Simon Willison released micropython-wasm as an alpha package and immediately shipped it to production in datasette-agent-micropython. The implementation solves a specific problem: how to execute agent-generated Python code without giving it full system privileges. The sandbox runs a 362KB MicroPython interpreter inside WebAssembly, maintains persistent state across multiple eval() calls, and exposes host functions through 78 lines of C.
This is not a research project. It is a working implementation with known unknowns.
Why WebAssembly for Agent Code Execution
Willison needed a sandbox that installs cleanly from PyPI, enforces memory and CPU limits, controls file and network access, and exposes host functions. JavaScript engines like v8 are too complicated to embed safely. Pyodide only runs in browsers or Node.js. MicroPython compiled to WASM hits all the requirements.

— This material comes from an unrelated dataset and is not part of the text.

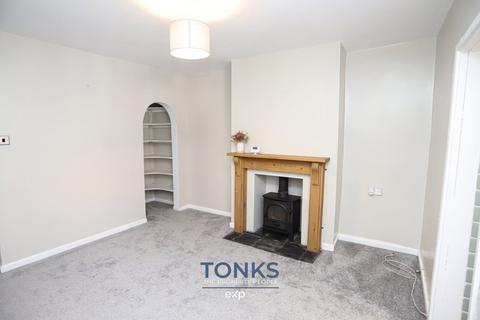 2 bedroom terraced house for sale, Dudley Road, Halesowen B63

The wasmtime Python library provides binary wheels and active maintenance. WebAssembly’s security model is battle-tested in browsers. If the C bridge code fails, the worst outcome is a WASM exception, not a system compromise.
The Persistent State Problem
A naive WASM sandbox starts the interpreter, runs code, and stops. Variables disappear between calls. For agent workflows, you need persistent state so a variable defined in one session.run() call survives into the next.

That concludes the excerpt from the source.